Trucking regulations can be taken too far


We all drive the highway and byways here in West Virginia every day, but when we drive on the interstate or truck routes we become annoyed by the fact we are being held up or being passed on the highway by one of these titans of the road. We blame them for driving too fast or spraying water, snow or dust and dirt all over our cars.

But have you ever stopped to think what might be on that truck that is either going too slow for you or that truck that just passed you? The public perception of heavy trucks is not going to improve much as long as we have the sensational reporting, perpetuation of myths and a few bad apples that are intent on spoiling the bunch.

People rarely remember the trucks they pass, cut off, force to apply the brakes or follow too closely on any given day. But they always remember that one that passed them. Those white-knuckle memories lead to the complaints. Add in a story about a fiery truck crash and you’ve the formula for new laws and restrictions. I do believe that the general public doesn’t understand that trucks bring everything we eat, wear and use on a daily basis. But I also believe the majority of the general public is naturally afraid of the tractor trailers they share the highways and byways every day with.

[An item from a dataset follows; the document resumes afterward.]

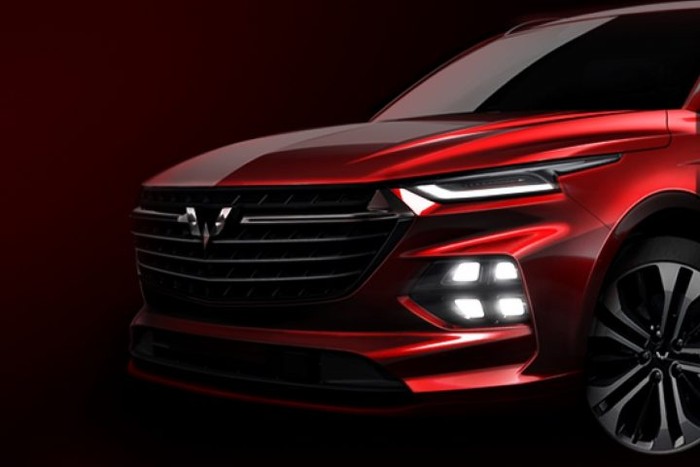 Sketsa Wuling Victory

The public needs to know that the vast majority of truckers are the safest drivers on the roads today. But most people only seem to remember that one incident that really scared them. I know it’s hard for the general public to understand but it’s time to stop overreacting and use some common sense in the way we think about the tractor tailors that we share the road with. If you regulate trucks to the point that they can’t operate, then ask yourselves how we will get our everyday things we use in the home and work or wear on our backs or our feet?